FUSEPOP: A Multi-Modal Fusion with Mutual Information Weighting and Stacked Ensemble for Social Media Popularity Prediction
Applied Sciences (Switzerland), cilt.16, sa.9, 2026 (SCI-Expanded, Scopus)
- Yayın Türü: Makale / Tam Makale
- Cilt numarası: 16 Sayı: 9
- Basım Tarihi: 2026
- Doi Numarası: 10.3390/app16094160
- Dergi Adı: Applied Sciences (Switzerland)

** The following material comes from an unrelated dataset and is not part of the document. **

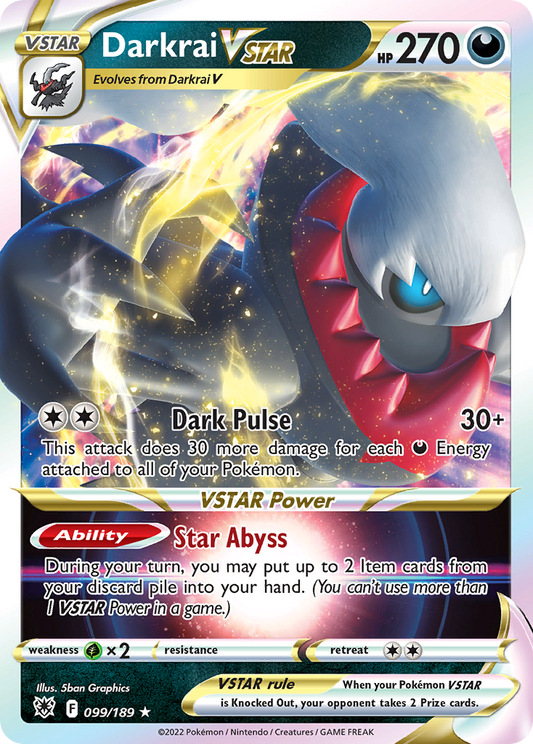 Darkrai VSTAR 099/189 Astral Radiance - Rare Holo VSTAR Holo Pokemon Card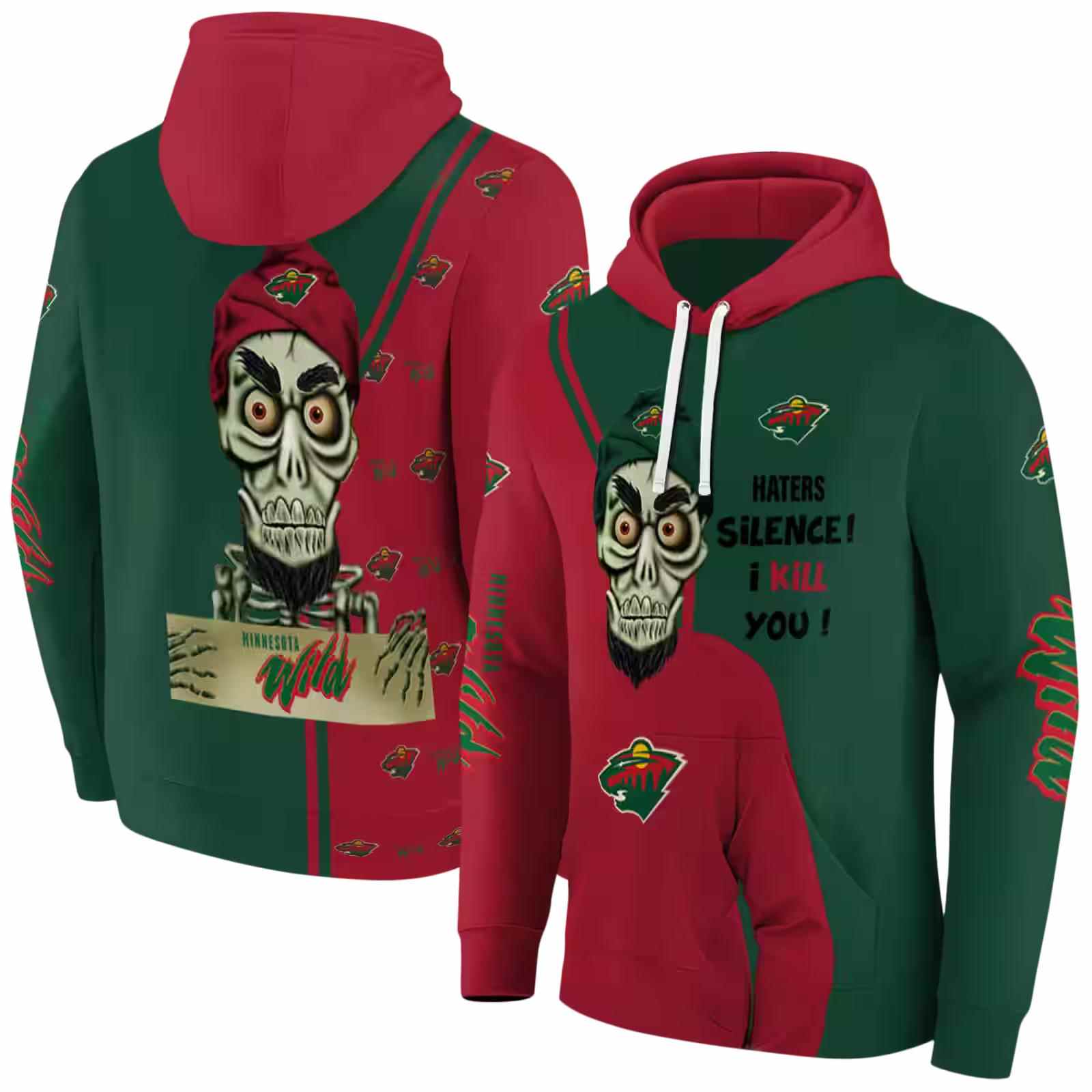 minnesota wild achmed skull red hoodie fashion forward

- Derginin Tarandığı İndeksler: Science Citation Index Expanded (SCI-EXPANDED), Scopus, Compendex, INSPEC, Directory of Open Access Journals
- Anahtar Kelimeler: mutual information fusion, popularity detection, social media, stacked ensemble
- Gazi Üniversitesi Adresli: Evet
Özet
Short-form video content has gained importance as a popular form of digital media due to the rising popularity of social media platforms and the decreasing attention spans of consumers. However, a major obstacle to popularity detection in short-form content is the heterogeneous nature of the data, encompassing textual, visual, and metadata components. To tackle this challenge, we propose FUSEPOP, a robust multi-modal architecture. The proposed framework utilizes ResNet-50 for visual feature extraction and XLM-RoBERTa for encoding multilingual textual information. FUSEPOP employs a mutual information-based modality weighting mechanism with logarithmic smoothing and a 0.7 weight ceiling to balance contributions from each input stream. Furthermore, FUSEPOP implements a robust stacked generalization strategy trained via stratified 5-fold cross-validation. This approach utilizes a logistic regression meta-learner to dynamically synthesize predictions from random forest, XGBoost, and a neural network-based classifier. Experimental results show that this architecture significantly outperforms benchmark models, achieving an accuracy of 0.980 and an average F1-score of 0.964 on the feature configuration selected for this study, and remains competitive on a literature-aligned alternative configuration. These findings confirm that the proposed model successfully detects popularity on short-form social media content.